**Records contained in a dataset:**
::::

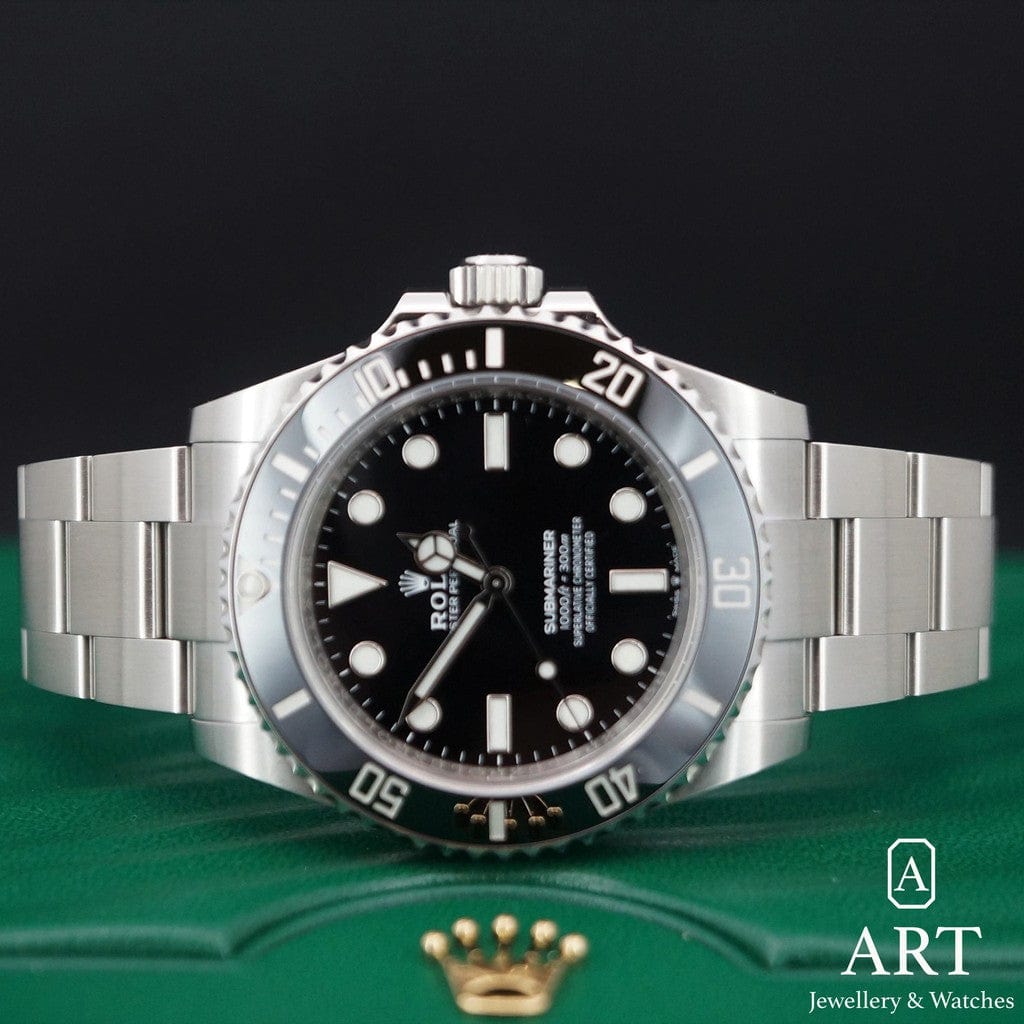 Pre-Owned Rolex Submariner No Date 41mm 124060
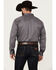 Image #4 - Ariat Men's Team Logo Twill Long Sleeve Button-Down Western Shirt - Big, Dark Grey, hi-res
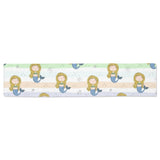 Cute hand drawn mermaid Table Runner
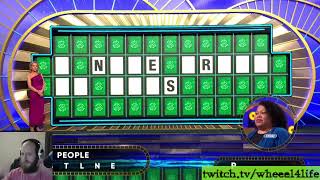 Wheel Fast Solve - Bonus Round - Too Many Possibilities! - 6/20/2025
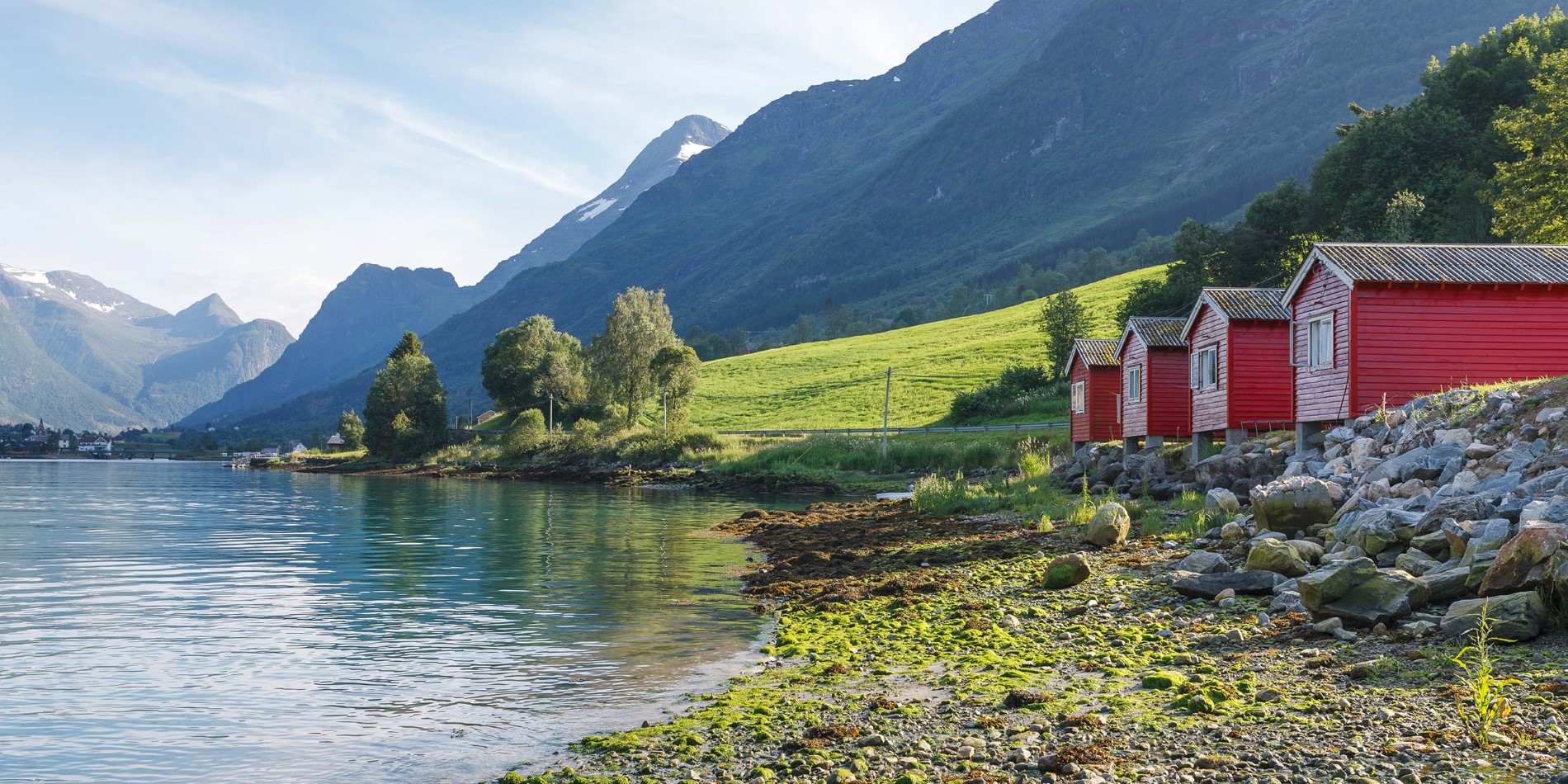 Cabins in Nordfjord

::::

**YOUR OBJECTIVE:** Copy out, with no pictures, the lines from the one containing "Cute hand drawn mermaid Table Runner" through the last line of the data above, both ends included and each word unchanged.

**FINISHED TASK:**
 Cute hand drawn mermaid Table Runner
 Wheel Fast Solve - Bonus Round - Too Many Possibilities! - 6/20/2025
 Cabins in Nordfjord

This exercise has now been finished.